Grievant introduced very little evidence at level four. Unlike the grievants in other
related cases, such as
Posey,
supra, and
Mathes v. Dep't of Health and Human Res.,
Docket No. 04-HHR-149(B) (October 3, 2007), Grievant did not compare herself to any
particular child support employees who allegedly perform similar duties. Like the grievants
in
Myers v. Department of Health and Human Resources, Docket No. 04-HHR-149(C) (Oct.
5, 2007) and
Myers/Rhodes v. Department of Health and Human Resources, Docket No.04-HHR-149(E) (Oct. 17, 2007), it appears that Grievant believes that, since the BCSE
employees received a pay increase in conjunction with the reclassification project, she also
should have received one. In
Aultz v. West Virginia Department of Transportation, Docket
No. 90-DOH-522 (February 28, 1991), this Grievance Board refused to find that state
salaries can be compared, and equal compensation required, across classification lines.
In
Aultz, the grievants contended they should receive the same salary increase awarded
to employees in the Highway Engineer II, Chemist IV, and Geologist IV classifications.
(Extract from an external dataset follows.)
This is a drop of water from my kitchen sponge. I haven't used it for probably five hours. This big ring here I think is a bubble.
This assertion was rejected, and the Administrative Law Judge found the Division of
Highways and DOP had not "abused their discretion in upgrading the salary-levels [of
these classifications] in light of the recruitment and retention problems."
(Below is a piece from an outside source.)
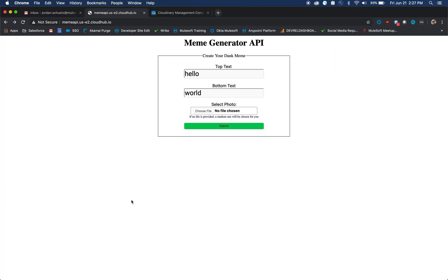Hello everybody, my name is Jordan Schutz and I currently work at MuleSoft as a developer advocate. I'm here to show off this really awesome demo I made called the Meme Generator API, and I created this API using MuleSoft's AnyPoint Studio.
The evidence at level three established severe recruitment and retention issues,
along with BCSE's difficulties in complying with various federal requirements, which led to
the changes in that division. The reclassifications and pay grade assignments were related
only to those issues, and they do not entitle Grievant to a pay increase. Moreover,
undisputed testimony both at levels three and four established that the funding was
earmarked only for child support services and could not be shared with other divisions,
as Grievant has alleged. Grievant has failed to meet her burden of proof.
The following conclusions of law support this Decision.
Conclusions of Law
1. Grievant has the burden of proving her grievance by a preponderance of the
evidence. Procedural Rules of the W. Va. Educ. & State Employees Grievance Bd. 156
C.S.R. 1 § 4.21 (2004);
Howell v. W. Va. Dep't of Health & Human Res., Docket No. 89-DHS-72 (Nov. 29, 1990).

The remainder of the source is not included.